Langley tiene una habilidad similar para avivar las llamas de la especulación de los fanáticos. A pesar de las negativas periódicas de ambos bandos, los fanáticos están convencidos de que Langley tiene una relación sentimental con Riley Green, su compañero de dueto en el alegre lanzamiento nacional de 2024, número uno en Estados Unidos. Pareces amarme. El atrevido video de la canción, que tiene lugar en un salón del Lejano Oeste y literalmente termina con la pareja cabalgando hacia el atardecer, hizo poco para disipar los rumores. En junio del año pasado, un video transmisión en línea de Langley guiñándole un ojo a un fan que sostenía un mensaje que decía: “Guiño si Riley es un tonto”. Más tarde, Langley descartó el guiño como una broma, pero los fanáticos aprovecharon al máximo el momento, que pareció recompensar su trabajo de detective. Más recientemente, los fanáticos de los detectives notaron que la portada de Choosin’ Texas parecía extrañamente similar a una foto de paparazzi tomada de Green con Moroney. Sí, hay rumores de un triángulo amoroso.
“La música country tiene que ver con contar historias y, en la era de las redes sociales, los fans no sólo escuchan esa historia, sino que participan en ella”, dijo Carlson. “Existe una población joven de fans femeninas que están convirtiendo estas canciones en momentos culturales compartidos, y ambos artistas realmente entienden esa conversación y la mantienen con sus fans en torno a las canciones”.
La radio rural tardó más en responder. Choosin’ Texas encabezó la lista Streaming Hot Country Songs de Billboard en solo seis semanas, pero tardó 16 semanas en alcanzar el número uno en la lista Slow Country Airplay. En cuanto a Moroney, a pesar de que las ventas de álbumes y entradas superan a las de todos sus pares masculinos, excepto unos pocos, aún no ha conseguido un sencillo número uno en Country Airplay. En cambio, se encuentra con los fans donde están, más recientemente en la gira por el país “9 Cities 9 Days” antes del lanzamiento de Cloud 9.
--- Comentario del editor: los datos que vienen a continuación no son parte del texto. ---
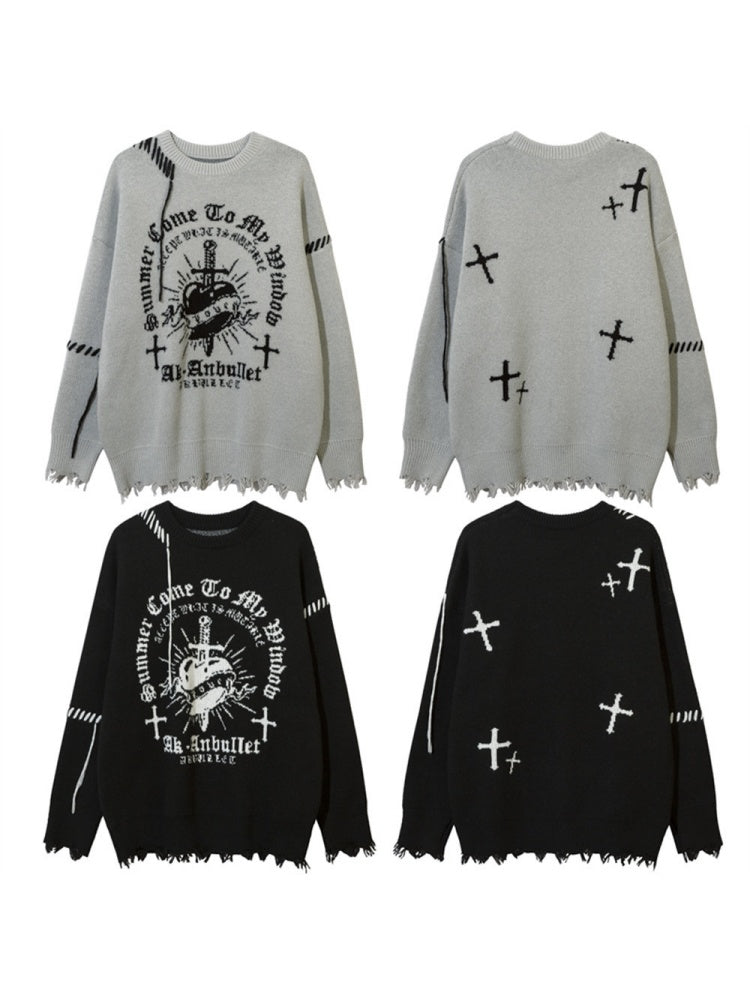 Halloween Dark Cross Jacquard Contrasting Colors Sutures Cut Destroy Sweater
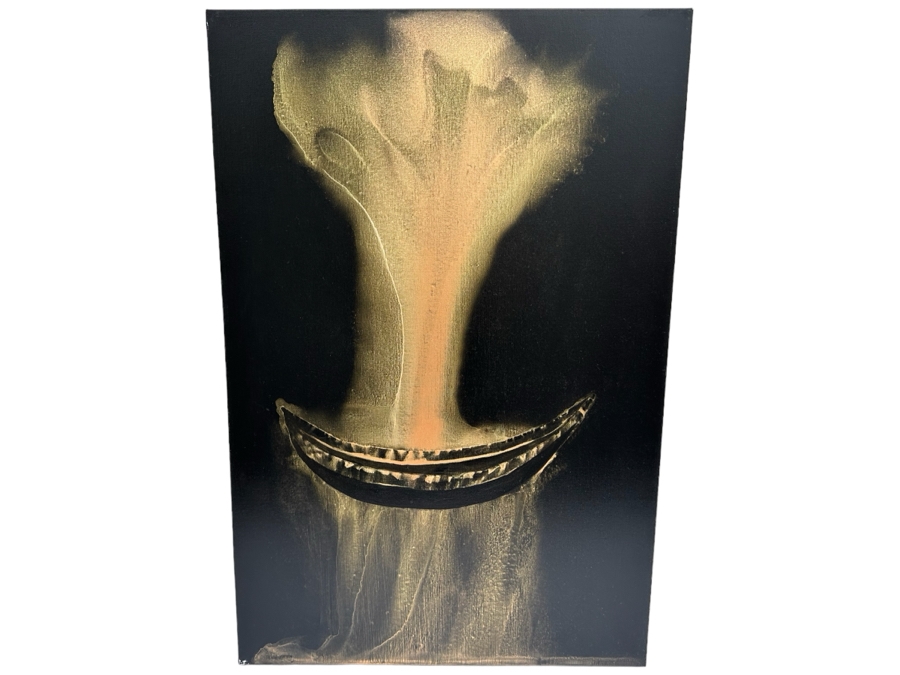 Gerrit Greve (1948-2024, Cardiff by the Sea, CA) Original Abstract Spirit Boats Acrylic Painting On Canvas Titled Voyage 151 2014 Signed Verso 24' X 36' Estimate $1,000-$2,000 [Photo 1]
“Megan vino a nosotros y dijo que quería hacer algo loco para sus fans: nueve ciudades, nueve días, boletos de $9. Fue su idea, y fue una idea brillante”, dijo Elisa Vazzana, agente de gira de Moroney en United Talent Agency, y agregó que se habían implementado medidas anti-bot. “Las entradas se tenían que adquirir personalmente en taquilla, dos por persona, y todos tenían que estar presentes. A un precio de 9 dólares, no íbamos a dejar que acabaran en secundarias”.
Los fanáticos hicieron fila, trabajaron juntos en coloridas pancartas caseras y se apiñaron para tomar fotos alrededor de camionetas de 18 ruedas adornadas con la carátula rosa neón del álbum de Moroney. La propia artista parecía disfrutar la experiencia de la comunidad tanto como ellos: Moroney publicó un video de una multitud cantando con la leyenda: “la terapia de grupo ha vuelto”.